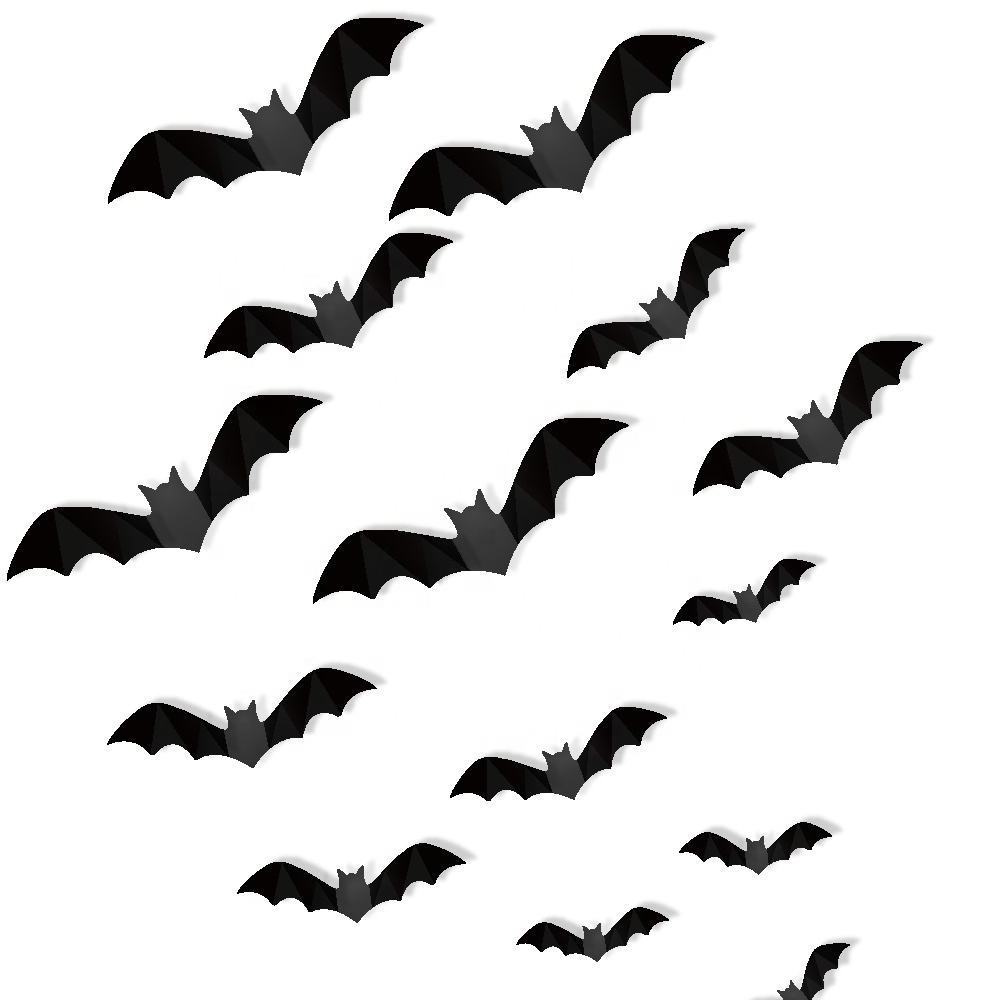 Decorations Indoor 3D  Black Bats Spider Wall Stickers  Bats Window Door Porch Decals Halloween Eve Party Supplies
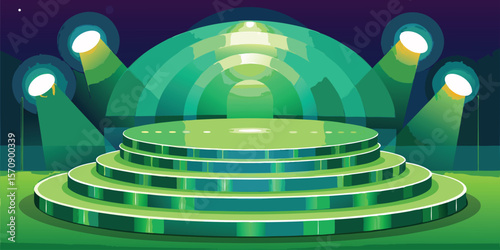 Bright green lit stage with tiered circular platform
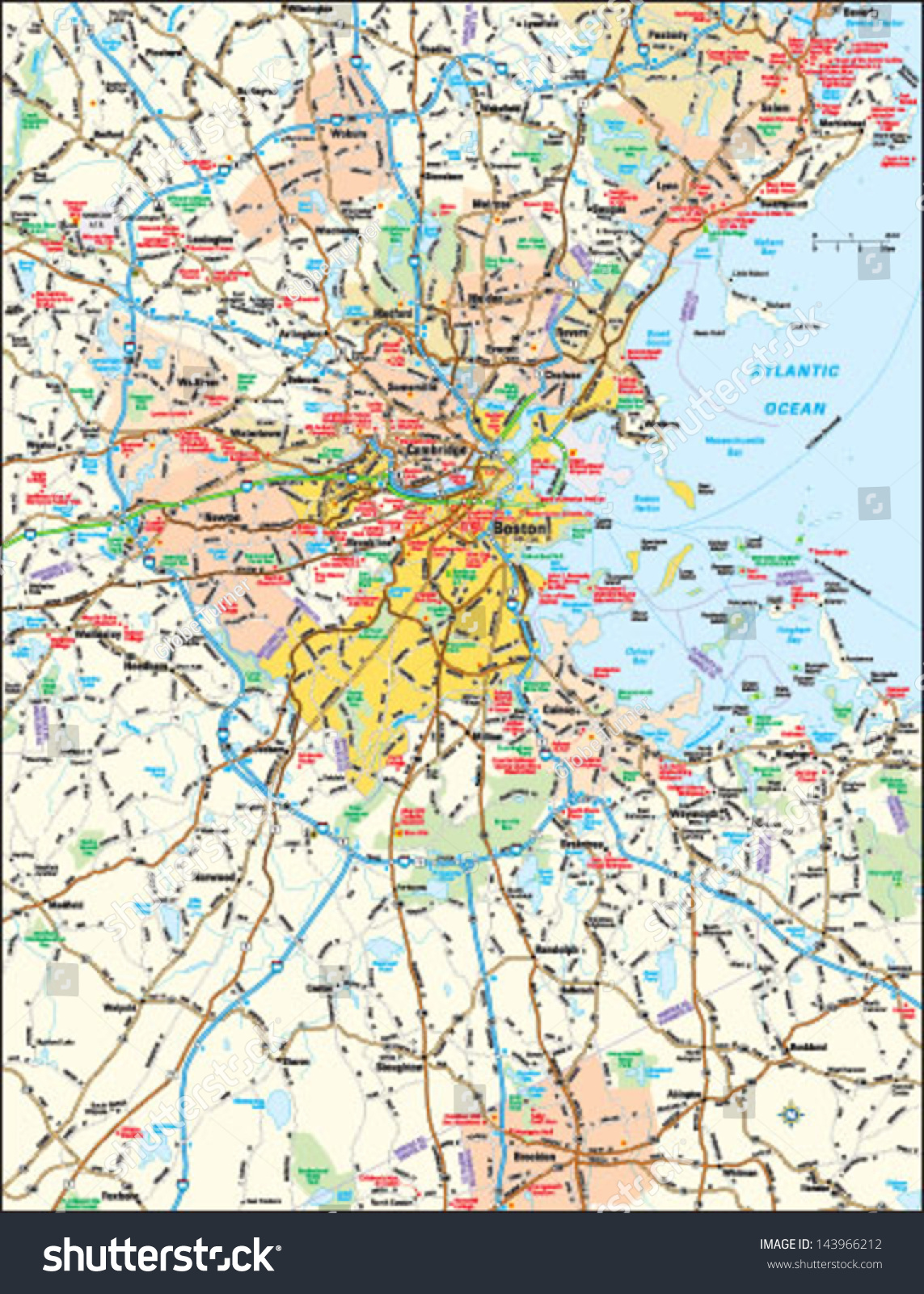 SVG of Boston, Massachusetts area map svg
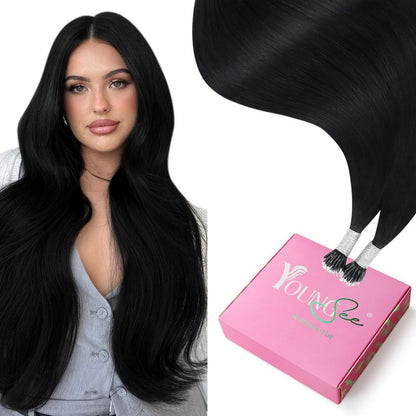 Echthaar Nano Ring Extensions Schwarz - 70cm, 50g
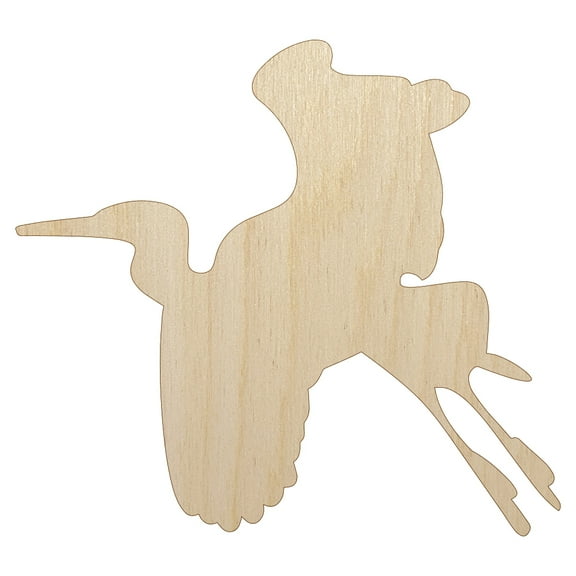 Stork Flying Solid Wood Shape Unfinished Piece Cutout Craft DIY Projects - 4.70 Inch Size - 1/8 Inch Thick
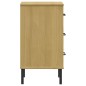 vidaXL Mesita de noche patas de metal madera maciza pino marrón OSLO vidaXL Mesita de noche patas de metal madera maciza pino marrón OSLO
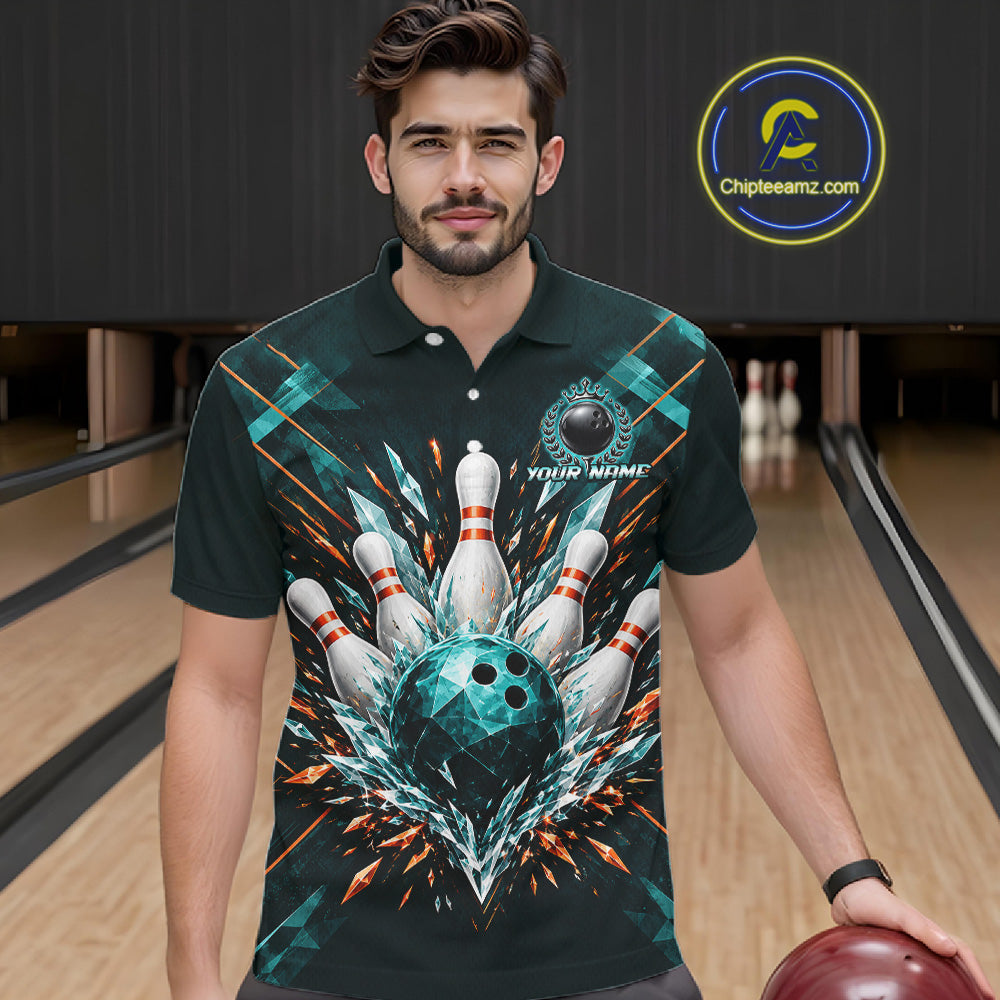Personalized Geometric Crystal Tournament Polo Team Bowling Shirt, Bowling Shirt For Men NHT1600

**To do**.
Return the data exactly. Do not carry over any images.

**Written solution**.
 Decorations Indoor 3D  Black Bats Spider Wall Stickers  Bats Window Door Porch Decals Halloween Eve Party Supplies
 Bright green lit stage with tiered circular platform
 SVG of Boston, Massachusetts area map svg
 Echthaar Nano Ring Extensions Schwarz - 70cm, 50g
 Stork Flying Solid Wood Shape Unfinished Piece Cutout Craft DIY Projects - 4.70 Inch Size - 1/8 Inch Thick
 vidaXL Mesita de noche patas de metal madera maciza pino marrón OSLO vidaXL Mesita de noche patas de metal madera maciza pino marrón OSLO
Personalized Geometric Crystal Tournament Polo Team Bowling Shirt, Bowling Shirt For Men NHT1600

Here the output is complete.